Okay, let me try to take that apart and unpack it a bit.

I mean, the shallow, superficial answer is “you’re polyamorous, Franklin, of course you don’t feel jealous.” And on the one hand that’s kind of absurd, because poly folks can and do experience jealousy—being polyamorous doesn’t exempt one from the palette of basic human emotions, as many poly folks discover to their chagrin.

On the other hand, there is some truth to it. A woman being with someone else doesn’t automatically mean she isn’t available to me, if she’s polyamorous (and of course if she’s not, I don’t want to be with her, so it’s a non-issue). So I don’t have that “oh, she’s taken, that means I can never be with her” reaction.

On the third hand, that doesn’t really explain it, because people can and do feel jealous of folks that they know they’re incompatible with and wouldn’t choose to be in a relationship with even if they could. So there must be something more than just ‘I’m polyamorous’ going on.

So.

A woman I fancy dates someone else, in a way that makes her unavailable to me. Maybe she says she’s now polysaturated, and not open to any more partners. Whatever. Point is, she’s dating another bloke and that means I can’t date her.

Why don’t I get jealous?

For one thing, I genuinely don’t want to be with someone who doesn’t want to be with me. If I fancy her, but she’d rather be with some other bloke, that means she doesn’t really want to be with me, and my attraction to her wanes.

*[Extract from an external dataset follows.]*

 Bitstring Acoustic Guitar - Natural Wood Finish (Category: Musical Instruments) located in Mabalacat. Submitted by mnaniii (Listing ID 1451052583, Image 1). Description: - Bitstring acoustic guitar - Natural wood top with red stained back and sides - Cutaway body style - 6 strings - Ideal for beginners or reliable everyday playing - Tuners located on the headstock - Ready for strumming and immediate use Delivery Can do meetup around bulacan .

I’ve been in relationships with people who were only lukewarm about the relationship, many years ago when I was much younger. They were never worth it. (In no small measure because a person who is with you even though she doesn’t really fancy you will often try to change you into someone she does fancy, and that…never ends well. Seriously, choose partners who celebrate who you are, not partners who think who you are is a problem to be worked around.)

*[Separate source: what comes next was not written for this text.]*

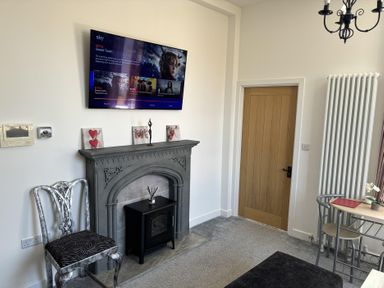 A living room with a television and fireplace at 4 Bickington Road Barnstaple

Plus, people…have the right to not want to date me. If she thinks someone else is a better match for her, and I actually like and respect her, then that kinda means I have to respect her right to make her own choices about her life. Feeling like she should pick me over him necessarily implies feeling like she can’t make her own choices. Which, what kind of respect is that?

For me, part of loving someone is valuing her happiness. That’s a basic part of love as I understand it.

I think, though, a core part of it is I am not entitled to another person’s time or attention. If she decides not to date me, I don’t feel that something that belongs to me has been taken away.

That doesn’t mean I don’t feel anything. I might be disappointed, for example. I might be sad. But what I don’t feel is jealousy.

I think jealousy is an emotion made up of other emotions, two of them being insecurity and fear of losing something that rightfully belongs to you. Without those two things, you might feel sorrow or regret or disappointment or whatever, but you’re not likely to feel jealousy.

And if she handles it with meanspiritedness or cruelty or dishonesty, I might decide that I don’t want any connection with her at all. But again, that isn’t the same as jealousy.

It’s actually, truly, genuinely okay for someone to say no to me.